Plot of viable cells for the two different modes of drug exposure compared to classical well plate studies. Results from well plate studies over predict the efficacy responses.
There are many areas of oncology research that can benefit by using the SynTumor model. These include (1) basic research for understanding of the tumor microenvironment comprising of cell viability, proliferation, invasion and tumor-stromal and tumor-endothelium interactions; and (2) drug delivery screening for efficacy and toxicity.
Cancer metastasis is a multi-step process that starts with the cancer cells leaving the original tumor site and migrating to distant parts of the body via the bloodstream or the lymphatic system.
This process involves complex steps, including breaking of the extracellular matrix by the metastatic tumor cells, escape into the circulatory system, adhesion to the vascular wall at remote locations, followed by migration/invasion into tissue and subsequent proliferation.
SynVivo provides the realistic microenvironment to allow real time study of these phenomena.

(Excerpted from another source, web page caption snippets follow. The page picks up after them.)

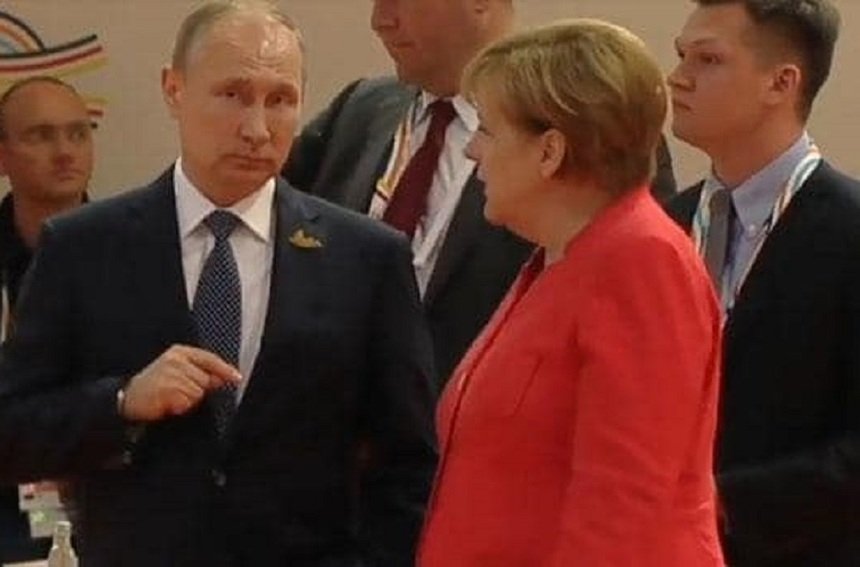  VIDEO: Merkel, surprinsa dand ochii peste cap in timpul unei discutii cu Putin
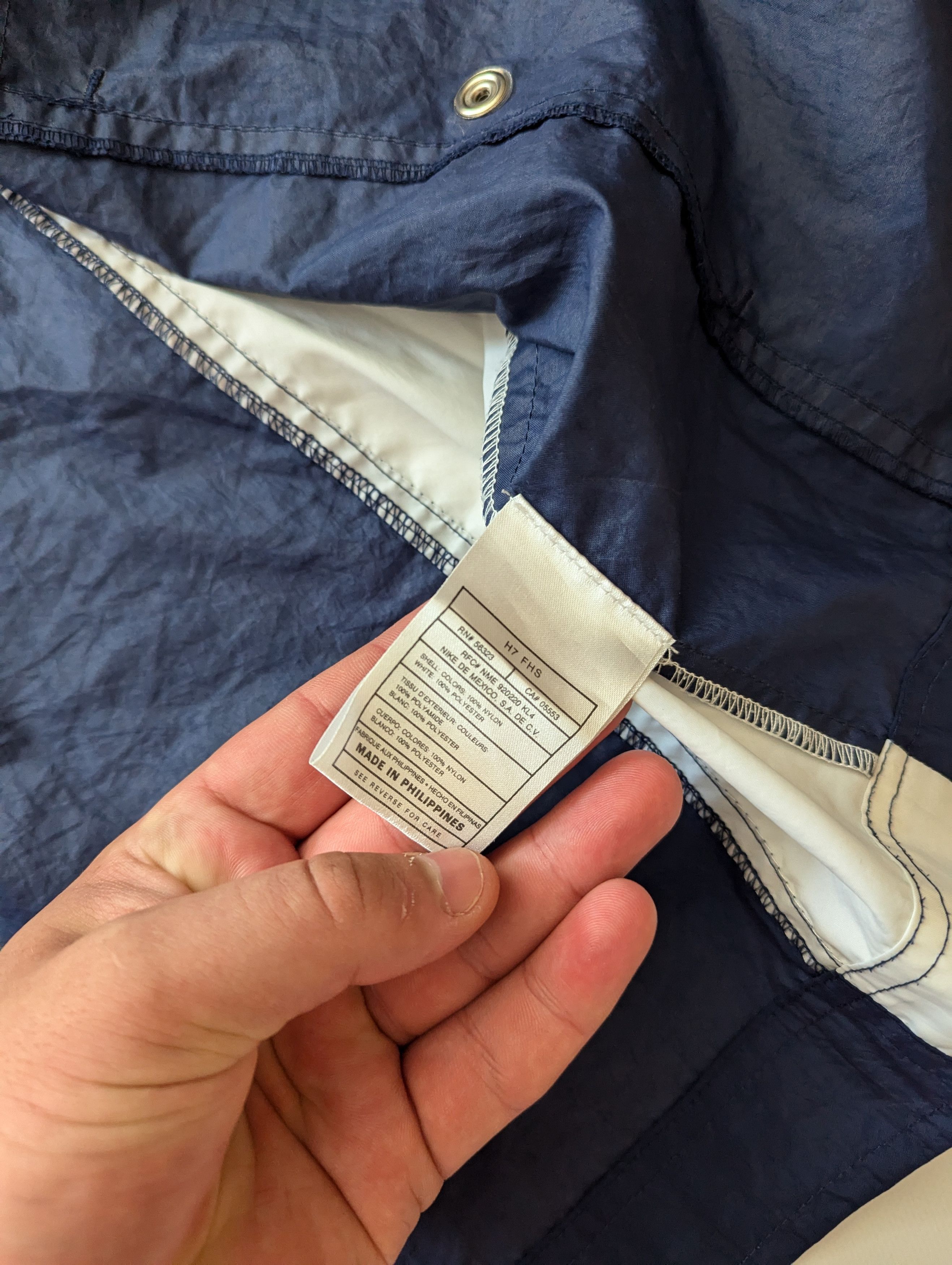 Nike × Vintage Nike Vintage Windbreaker Nylon Jacket Size US L / EU 52-54 / 3 - 9 Thumbnail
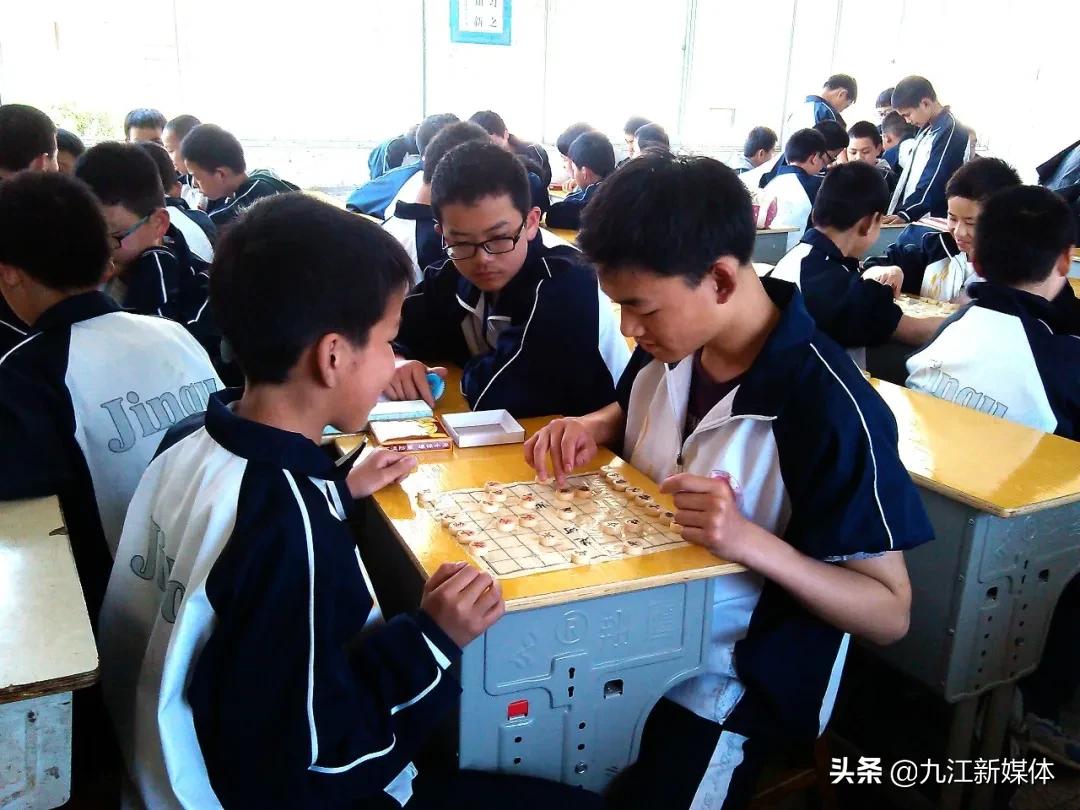 多元发展强实力百米跑道铸辉煌——湖口二中荣获两项“国家二级运动员”称号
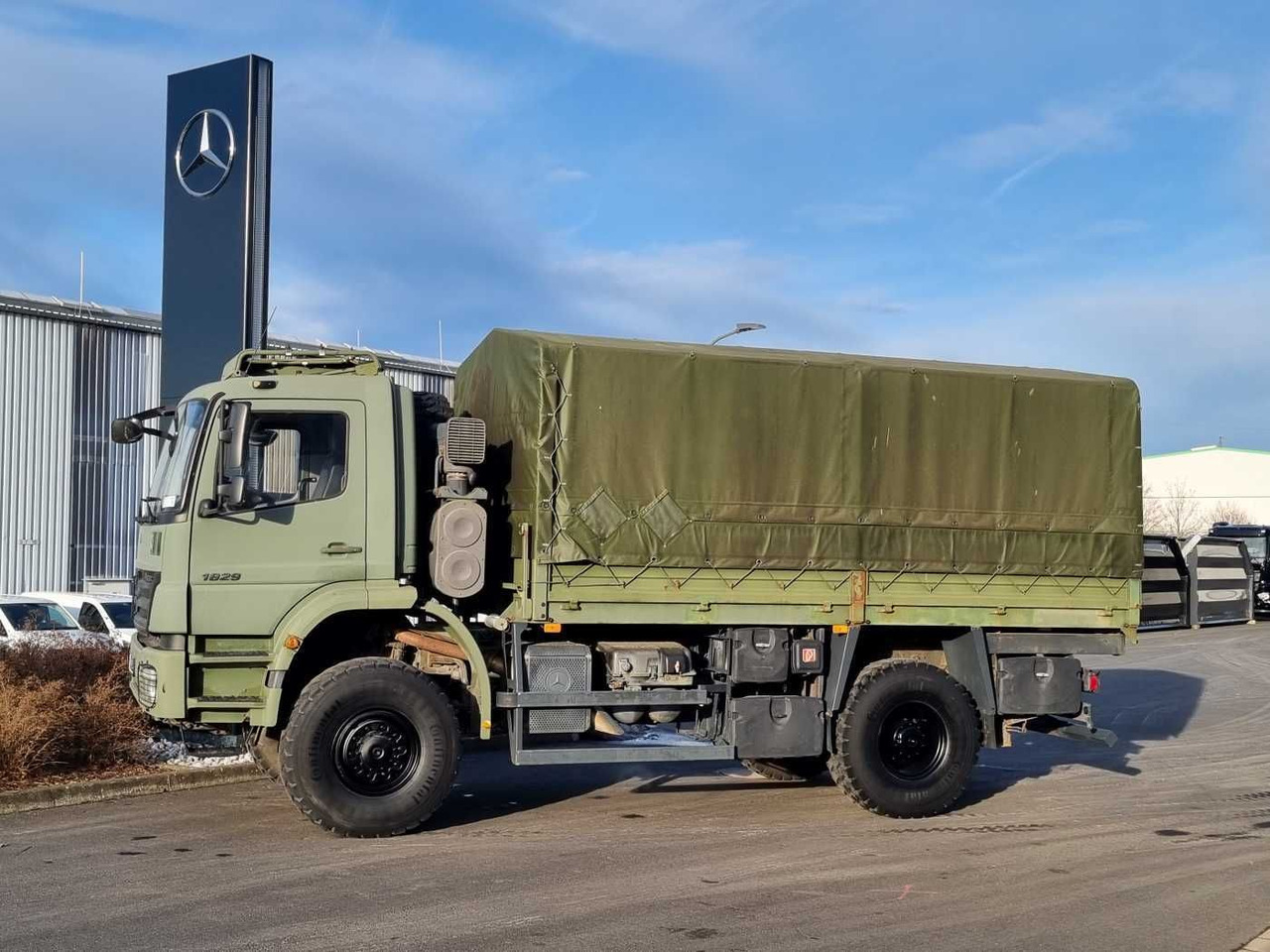 Mercedes-Benz Axor 1829 A 4x4 Pritsche/Plane 10 Stück - Kamion sa tovarnim sandukom: slika 5 Mercedes-Benz Axor 1829 A 4x4 Pritsche/Plane 10 Stück - Kamion sa tovarnim sandukom: slika 5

The tumor-endothelium co-culture mimics the tumor microenvironment and in this example captures degradation of the extracellular matrices by the aggressive tumor toward the vasculature channels, a precursor to extravasion and metastasis.
Monitor in real-time tumor cells phenotypic behavior. A metastatic tumor rapidly spread to adjacent chambers (left) while non-metastatic tumor does not (right). Inset image shows stained images highlighting elongated protrusions for metastatic tumor in contrast to localized for non-metastatic tumor. Use this assay to screen tumor cell populations for their metastatic potential.
Drugs or delivery vehicles (nanoparticles, polymers, liposomes, etc.) can be injected via the vascular channel or directly on the tumor under both static and physiological fluid flow conditions and their responses can be observed in real-time mimicking the in vivo conditions.